The world’s largest retailer persuaded 5,900 suppliers to improve their energy efficiency and redesign their packaging, among other measures.

Walmart store

A grocery store aisle at a Walmart Store in Norfolk, Nebraska, with no people. Image via Shutterstock/Joni Hannebutt

Walmart President and CEO Doug McMillon used his earnings call this week to announce that the company’s suppliers have delivered on its supply chain sustainability program, Project Gigaton, six years ahead of schedule.

Walmart’s suppliers have avoided, reduced or sequestered 1 billion metric tons of greenhouse gas emissions, McMillon told financial analysts. That’s more than the annual emissions for all of Germany. This accomplishment came during a year of strong growth for the company: For FY 2024, ended Jan. 31, Walmart reported revenue of $648 billion, up 6 percent. Its GAAP earnings per share were $5.74, up 34.4 percent.

"From scaled businesses to our faster-growing newer businesses, we're well on track to continue to hit the financial targets we laid out and make important investments for the future," McMillon said during the call. "And while we do this, we can grow in a way that helps us achieve our goals of creating opportunities for our associates and becoming a more sustainable business."

5,900 suppliers and counting

Project Gigaton, announced in 2017, was among the first corporate initiatives centered solely on addressing Scope 3 emissions— indirect emissions from suppliers and vendors — which typically represent the largest portion of a company’s carbon footprint. The company crossed the halfway point for the program in 2022, when it reached a cumulative reduction of 574 million metric tons. At that time, Project Gigaton included more than 4,500 suppliers.

Walmart reported a cumulative reduction of more than 750 million metric tons for Project Gigaton through the 2023 calendar year. Suppliers representing more than 75 percent of the company’s U.S. sales were involved, more than 5,200 suppliers at the time. (There are now 5,900 in the program.) As of the update, Walmart had cut its Scope 1 and 2 operational emissions by 23.2 percent to approximately 14 million metric tons for calendar year 2021, down from almost 20 million metric tons in 2015.

‘Practical things’ drive emissions reductions

While McMillon didn’t offer additional details on the call — and no analysts broached a question about Project Gigaton — he said the success of the program had come through "practical things like energy efficiency, packaging redesign, and load optimization."

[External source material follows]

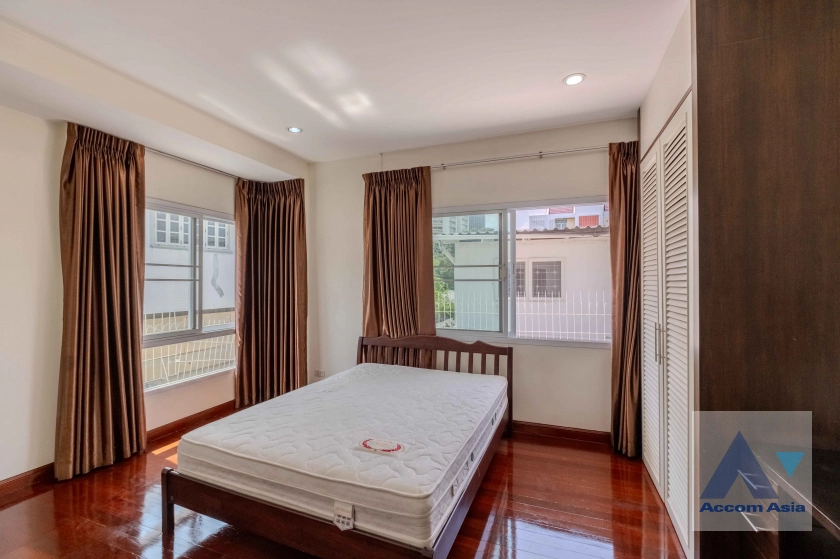 16  3 br House for rent and sale in Sukhumvit ,Bangkok BTS Ekkamai 1713519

"We'll continue to work with our suppliers on real initiatives with real-world impacts that make our products better and our business stronger," he said.

Several factors contributed, said Walmart Chief Sustainability Officer Kathleen McLaughlin, in a blog about the milestone. They included:

  • A willingness to be flexible about requirements, depending on the size of the supplier.
  • Clearer expectations about what it takes to be considered a "guru" within the program. The latest change required suppliers to share their entire operational emissions footprint and not just the results of reduction projects.
  • Offering tools to help suppliers achieve their commitments, such as the Gigaton PPA program, which helps them procure renewable energy. 

Even though Project Gigaton is essentially done, the program isn’t going away, said McLaughlin.

"We are enhancing estimates of our Scope 3 footprint, informed by emerging greenhouse gas standards and guidance," she wrote. "We are assessing which elements of our Scope 3 footprint are addressable and which elements are largely outside our control, which reductions can be achieved through low-cost interventions and which ones are expensive or not feasible through today’s technology."